Answer: (We will continue our series on “Making Up For All That Was Missed” in next week’s issue.) The Torah does not tell us when Hashem descended on Har Sinai to give us the Torah, but a simple calculation places this event right around the time of Shavuot.
The book of Exodus (19:1) tells us that Bnei Yisrael arrived in the Sinai desert in the third month after leaving Egypt, which is Sivan. The Torah says they arrived “bayom hazeh – on this day,” which according to the Gemara (Shabbat 86b) was Rosh Chodesh.
The Gemara records a dispute about the days leading up to the giving of the Torah. In R. Yosi’s view: Rosh Chodesh was declared on Sunday; on Monday, Moshe Rabbeinu reported Hashem’s words, “Ve’atem tihyu li mamlechet kohanim vegoy kadosh – And you shall be unto me as a kingdom of priests and a holy nation” (Exodus 19:6); on Tuesday, Bnei Yisrael were commanded to set boundaries around Mount Sinai, and on Wednesday they were commanded to separate from their wives for three days – Wednesday, Thursday and Friday.
The Sages, on the other hand, maintain that the events occurred as follows: Rosh Chodesh was declared on Monday; on Tuesday, Bnei Yisrael were told they would be a kingdom of priests; on Wednesday, they were commanded to set boundaries; and on Thursday, they were commanded to separate from their wives for two days – Thursday and Friday. (According to R’ Yosi, the third day of separation was Moshe’s idea, which G-d approved. According to the Sages, Moshe did not add a third day of separation.)

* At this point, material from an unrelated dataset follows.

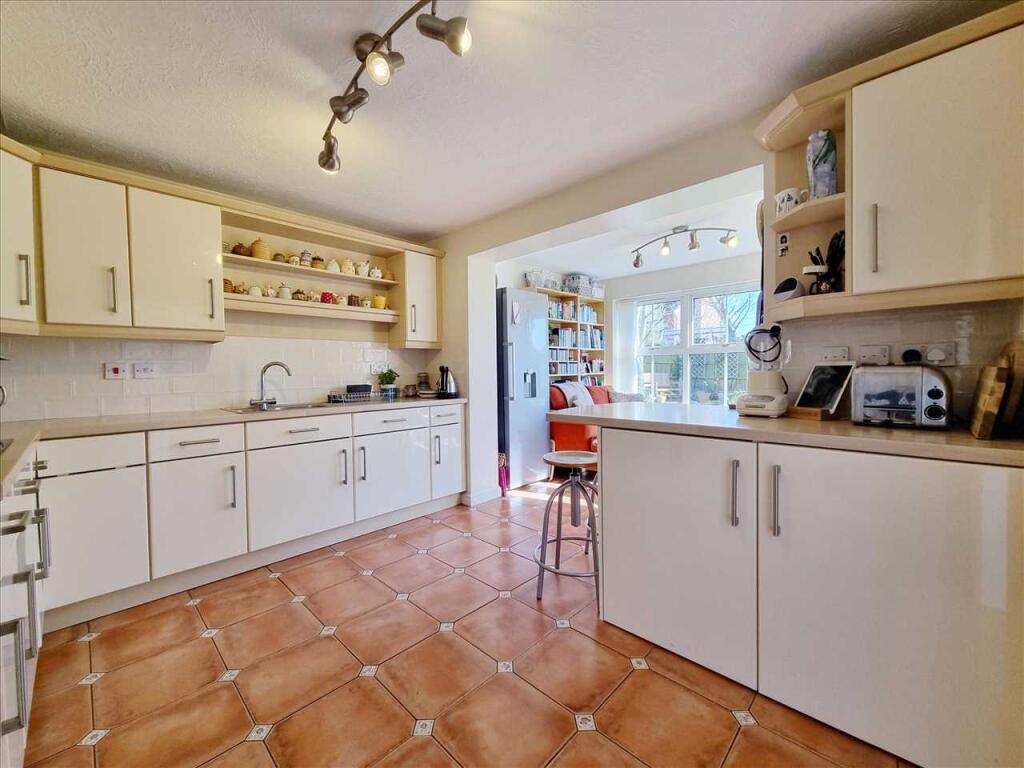 Kitchen:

Rava notes that both opinions agree (based on a gezeirah shavah) that the Torah was given on Shabbat. But was it given on Shavuot (which is defined as the 50th day after the first day of Pesach)?
According to the Sages, it clearly was. There were 15 days in Nissan after the first day of Pesach, 29 days in Iyar, and five days in Sivan before Shabbat for a total of 49 days. The Jews received the Torah on the following day – the 50th day – which was Shavuot.
However, according to R. Yosi, Rosh Chodesh Sivan was on a Sunday, and thus there were six days before the Shabbat on which the Torah was given. In other words, the Torah was given on the 51st day, which is the day after Shavuot.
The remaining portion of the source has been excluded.